» Assigned task:
Print, in exact form, the lines below from the one containing "Teeth studded with diamonds" through the one containing "If you’re considering", and omit all others.

================

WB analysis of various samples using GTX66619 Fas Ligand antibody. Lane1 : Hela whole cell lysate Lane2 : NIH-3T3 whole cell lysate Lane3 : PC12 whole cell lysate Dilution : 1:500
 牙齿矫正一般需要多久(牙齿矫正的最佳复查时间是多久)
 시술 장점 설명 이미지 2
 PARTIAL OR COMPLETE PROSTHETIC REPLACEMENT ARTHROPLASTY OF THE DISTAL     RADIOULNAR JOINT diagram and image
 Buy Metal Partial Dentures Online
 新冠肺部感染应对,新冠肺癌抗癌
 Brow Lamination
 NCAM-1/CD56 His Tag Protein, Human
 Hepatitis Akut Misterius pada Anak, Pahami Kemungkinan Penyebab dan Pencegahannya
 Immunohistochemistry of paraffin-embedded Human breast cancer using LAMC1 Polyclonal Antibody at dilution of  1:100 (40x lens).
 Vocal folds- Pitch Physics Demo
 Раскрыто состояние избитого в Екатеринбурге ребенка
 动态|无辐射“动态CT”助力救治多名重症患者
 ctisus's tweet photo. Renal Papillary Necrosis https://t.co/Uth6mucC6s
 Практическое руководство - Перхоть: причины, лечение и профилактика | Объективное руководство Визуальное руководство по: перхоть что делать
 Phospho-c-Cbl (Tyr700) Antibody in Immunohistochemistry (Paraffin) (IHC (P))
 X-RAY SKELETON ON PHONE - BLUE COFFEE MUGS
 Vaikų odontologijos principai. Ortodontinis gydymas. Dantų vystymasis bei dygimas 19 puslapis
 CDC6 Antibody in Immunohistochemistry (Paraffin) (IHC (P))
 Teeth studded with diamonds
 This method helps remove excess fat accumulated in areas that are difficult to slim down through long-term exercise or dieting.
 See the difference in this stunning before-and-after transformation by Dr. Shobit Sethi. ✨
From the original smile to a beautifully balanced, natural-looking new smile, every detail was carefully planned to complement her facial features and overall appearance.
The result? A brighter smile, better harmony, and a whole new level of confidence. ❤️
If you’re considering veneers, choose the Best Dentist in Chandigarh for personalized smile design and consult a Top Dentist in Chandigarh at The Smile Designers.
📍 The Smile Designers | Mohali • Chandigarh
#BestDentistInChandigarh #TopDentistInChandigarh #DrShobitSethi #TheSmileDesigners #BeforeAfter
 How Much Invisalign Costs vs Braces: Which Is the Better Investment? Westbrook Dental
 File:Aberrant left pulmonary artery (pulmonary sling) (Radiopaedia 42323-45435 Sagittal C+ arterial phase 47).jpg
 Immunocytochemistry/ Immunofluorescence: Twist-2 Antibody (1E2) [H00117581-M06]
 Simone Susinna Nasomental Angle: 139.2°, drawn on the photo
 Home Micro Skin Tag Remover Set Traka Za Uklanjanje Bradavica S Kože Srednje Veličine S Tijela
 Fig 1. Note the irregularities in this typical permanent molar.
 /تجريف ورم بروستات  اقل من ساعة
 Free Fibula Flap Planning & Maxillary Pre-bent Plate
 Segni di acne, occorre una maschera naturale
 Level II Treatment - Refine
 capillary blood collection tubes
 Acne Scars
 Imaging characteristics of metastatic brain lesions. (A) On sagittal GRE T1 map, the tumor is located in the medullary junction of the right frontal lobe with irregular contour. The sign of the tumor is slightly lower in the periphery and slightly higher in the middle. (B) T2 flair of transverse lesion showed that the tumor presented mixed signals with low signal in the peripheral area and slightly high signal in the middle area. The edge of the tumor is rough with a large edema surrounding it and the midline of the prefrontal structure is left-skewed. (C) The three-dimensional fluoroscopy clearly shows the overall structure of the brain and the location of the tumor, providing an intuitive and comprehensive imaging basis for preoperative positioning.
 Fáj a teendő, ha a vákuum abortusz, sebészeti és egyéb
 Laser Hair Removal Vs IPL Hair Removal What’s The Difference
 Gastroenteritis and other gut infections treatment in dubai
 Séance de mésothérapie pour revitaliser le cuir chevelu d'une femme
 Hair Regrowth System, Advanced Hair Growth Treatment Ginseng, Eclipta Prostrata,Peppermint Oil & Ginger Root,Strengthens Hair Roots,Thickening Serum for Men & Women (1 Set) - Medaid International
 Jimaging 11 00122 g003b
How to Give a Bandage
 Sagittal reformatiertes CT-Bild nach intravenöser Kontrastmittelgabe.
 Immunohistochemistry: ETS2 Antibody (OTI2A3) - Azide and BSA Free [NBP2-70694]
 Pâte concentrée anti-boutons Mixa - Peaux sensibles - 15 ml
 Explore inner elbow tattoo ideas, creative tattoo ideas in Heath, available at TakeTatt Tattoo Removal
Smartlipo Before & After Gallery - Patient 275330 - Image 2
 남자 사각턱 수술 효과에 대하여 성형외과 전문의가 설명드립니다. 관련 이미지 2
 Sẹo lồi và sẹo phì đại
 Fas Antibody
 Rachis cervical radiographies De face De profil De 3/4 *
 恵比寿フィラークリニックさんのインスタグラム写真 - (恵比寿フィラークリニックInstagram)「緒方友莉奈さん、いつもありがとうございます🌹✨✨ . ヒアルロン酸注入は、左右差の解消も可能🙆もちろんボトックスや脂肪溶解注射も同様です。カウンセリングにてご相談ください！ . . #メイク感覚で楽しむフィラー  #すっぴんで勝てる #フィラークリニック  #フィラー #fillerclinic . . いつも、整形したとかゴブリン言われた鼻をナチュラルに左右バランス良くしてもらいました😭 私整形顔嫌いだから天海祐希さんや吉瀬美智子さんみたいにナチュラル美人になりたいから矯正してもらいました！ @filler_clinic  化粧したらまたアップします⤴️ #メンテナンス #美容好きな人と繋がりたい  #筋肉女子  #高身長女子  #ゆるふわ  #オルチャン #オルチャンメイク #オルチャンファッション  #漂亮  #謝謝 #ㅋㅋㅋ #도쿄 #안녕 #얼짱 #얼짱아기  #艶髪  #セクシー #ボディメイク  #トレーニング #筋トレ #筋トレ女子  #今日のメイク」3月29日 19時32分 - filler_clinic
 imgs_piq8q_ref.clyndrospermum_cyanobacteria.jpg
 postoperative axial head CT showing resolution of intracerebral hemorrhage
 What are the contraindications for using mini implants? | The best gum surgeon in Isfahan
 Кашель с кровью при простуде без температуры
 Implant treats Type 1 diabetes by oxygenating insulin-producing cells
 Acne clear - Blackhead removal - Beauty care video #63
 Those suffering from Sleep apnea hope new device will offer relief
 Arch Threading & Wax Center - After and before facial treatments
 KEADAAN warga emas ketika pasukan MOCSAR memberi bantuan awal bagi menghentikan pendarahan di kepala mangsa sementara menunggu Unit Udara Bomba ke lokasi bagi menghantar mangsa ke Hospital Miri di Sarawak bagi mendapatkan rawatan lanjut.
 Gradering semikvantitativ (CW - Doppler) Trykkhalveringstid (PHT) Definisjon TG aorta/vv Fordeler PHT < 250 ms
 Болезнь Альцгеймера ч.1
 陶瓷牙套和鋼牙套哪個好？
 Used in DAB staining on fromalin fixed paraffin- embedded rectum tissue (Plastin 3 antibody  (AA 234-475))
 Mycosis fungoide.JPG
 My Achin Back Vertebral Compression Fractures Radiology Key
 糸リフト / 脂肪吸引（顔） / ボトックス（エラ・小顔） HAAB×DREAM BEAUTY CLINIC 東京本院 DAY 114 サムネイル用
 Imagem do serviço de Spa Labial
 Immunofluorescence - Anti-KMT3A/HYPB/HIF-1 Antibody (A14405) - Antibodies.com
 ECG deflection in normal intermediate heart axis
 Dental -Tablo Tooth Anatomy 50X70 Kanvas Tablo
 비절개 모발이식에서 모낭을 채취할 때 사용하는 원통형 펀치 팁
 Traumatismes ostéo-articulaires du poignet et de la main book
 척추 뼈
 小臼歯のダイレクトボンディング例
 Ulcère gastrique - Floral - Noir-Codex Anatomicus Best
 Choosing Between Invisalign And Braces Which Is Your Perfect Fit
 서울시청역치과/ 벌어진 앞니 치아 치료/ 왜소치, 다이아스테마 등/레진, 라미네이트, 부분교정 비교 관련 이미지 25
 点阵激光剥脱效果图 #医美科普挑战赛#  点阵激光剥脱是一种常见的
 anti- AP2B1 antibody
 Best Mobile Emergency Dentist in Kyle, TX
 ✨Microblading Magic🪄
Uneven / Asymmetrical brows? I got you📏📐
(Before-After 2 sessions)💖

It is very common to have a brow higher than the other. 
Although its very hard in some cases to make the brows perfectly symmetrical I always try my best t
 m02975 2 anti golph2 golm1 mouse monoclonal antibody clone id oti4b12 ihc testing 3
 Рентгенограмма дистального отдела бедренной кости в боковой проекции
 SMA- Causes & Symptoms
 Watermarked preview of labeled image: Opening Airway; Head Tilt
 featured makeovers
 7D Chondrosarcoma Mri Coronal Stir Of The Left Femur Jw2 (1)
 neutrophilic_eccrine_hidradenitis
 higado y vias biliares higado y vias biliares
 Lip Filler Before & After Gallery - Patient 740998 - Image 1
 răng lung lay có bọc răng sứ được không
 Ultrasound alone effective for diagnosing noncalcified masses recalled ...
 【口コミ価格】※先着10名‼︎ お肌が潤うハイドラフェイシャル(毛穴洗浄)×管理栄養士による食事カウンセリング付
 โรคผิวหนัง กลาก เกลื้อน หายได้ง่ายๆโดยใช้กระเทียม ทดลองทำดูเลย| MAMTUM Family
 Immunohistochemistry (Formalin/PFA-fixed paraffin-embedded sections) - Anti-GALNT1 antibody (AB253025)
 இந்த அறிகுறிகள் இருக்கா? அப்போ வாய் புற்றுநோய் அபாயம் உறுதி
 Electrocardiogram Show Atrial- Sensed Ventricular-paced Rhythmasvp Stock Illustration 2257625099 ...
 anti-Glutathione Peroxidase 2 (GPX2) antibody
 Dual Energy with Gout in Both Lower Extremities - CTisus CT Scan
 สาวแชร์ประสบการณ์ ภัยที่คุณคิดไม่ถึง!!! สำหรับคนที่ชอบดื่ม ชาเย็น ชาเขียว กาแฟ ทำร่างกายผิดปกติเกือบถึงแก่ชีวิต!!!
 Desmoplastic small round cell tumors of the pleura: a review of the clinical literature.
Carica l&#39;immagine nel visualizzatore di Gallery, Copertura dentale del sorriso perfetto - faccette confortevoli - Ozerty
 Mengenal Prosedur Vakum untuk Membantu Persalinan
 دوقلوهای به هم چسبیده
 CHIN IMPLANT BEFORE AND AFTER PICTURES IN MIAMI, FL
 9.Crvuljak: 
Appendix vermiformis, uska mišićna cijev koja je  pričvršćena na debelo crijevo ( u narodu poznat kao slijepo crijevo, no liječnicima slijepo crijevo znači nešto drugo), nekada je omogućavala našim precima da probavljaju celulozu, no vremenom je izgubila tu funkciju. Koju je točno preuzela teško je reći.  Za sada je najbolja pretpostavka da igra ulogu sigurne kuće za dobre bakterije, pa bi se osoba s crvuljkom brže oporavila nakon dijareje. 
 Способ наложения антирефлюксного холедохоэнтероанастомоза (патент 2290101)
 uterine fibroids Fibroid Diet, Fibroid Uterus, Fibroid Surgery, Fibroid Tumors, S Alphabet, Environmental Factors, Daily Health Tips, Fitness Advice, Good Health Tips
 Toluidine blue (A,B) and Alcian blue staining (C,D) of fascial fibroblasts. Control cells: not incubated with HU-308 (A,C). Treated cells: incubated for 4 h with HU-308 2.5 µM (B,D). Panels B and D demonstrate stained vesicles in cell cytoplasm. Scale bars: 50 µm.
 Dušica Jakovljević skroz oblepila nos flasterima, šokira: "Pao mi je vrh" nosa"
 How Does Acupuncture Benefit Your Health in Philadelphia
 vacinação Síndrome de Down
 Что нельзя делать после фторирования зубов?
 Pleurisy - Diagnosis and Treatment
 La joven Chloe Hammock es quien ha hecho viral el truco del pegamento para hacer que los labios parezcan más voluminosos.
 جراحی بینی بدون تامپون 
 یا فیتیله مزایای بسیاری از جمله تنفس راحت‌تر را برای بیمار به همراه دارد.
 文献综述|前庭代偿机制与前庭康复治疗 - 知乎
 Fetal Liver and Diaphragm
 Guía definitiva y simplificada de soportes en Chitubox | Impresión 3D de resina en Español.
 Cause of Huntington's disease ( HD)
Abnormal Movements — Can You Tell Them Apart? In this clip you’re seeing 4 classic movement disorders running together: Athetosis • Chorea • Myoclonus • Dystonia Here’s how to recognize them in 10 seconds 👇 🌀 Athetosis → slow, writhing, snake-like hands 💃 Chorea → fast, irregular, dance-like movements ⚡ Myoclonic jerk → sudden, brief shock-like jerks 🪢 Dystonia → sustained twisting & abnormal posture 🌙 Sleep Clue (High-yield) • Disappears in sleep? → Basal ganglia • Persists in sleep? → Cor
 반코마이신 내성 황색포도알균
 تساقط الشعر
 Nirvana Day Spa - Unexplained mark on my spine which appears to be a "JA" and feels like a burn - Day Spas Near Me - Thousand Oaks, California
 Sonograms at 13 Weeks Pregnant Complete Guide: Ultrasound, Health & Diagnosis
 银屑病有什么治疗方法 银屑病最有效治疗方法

================

» Answer section:
 Teeth studded with diamonds
 This method helps remove excess fat accumulated in areas that are difficult to slim down through long-term exercise or dieting.
 See the difference in this stunning before-and-after transformation by Dr. Shobit Sethi. ✨
From the original smile to a beautifully balanced, natural-looking new smile, every detail was carefully planned to complement her facial features and overall appearance.
The result? A brighter smile, better harmony, and a whole new level of confidence. ❤️
If you’re considering veneers, choose the Best Dentist in Chandigarh for personalized smile design and consult a Top Dentist in Chandigarh at The Smile Designers.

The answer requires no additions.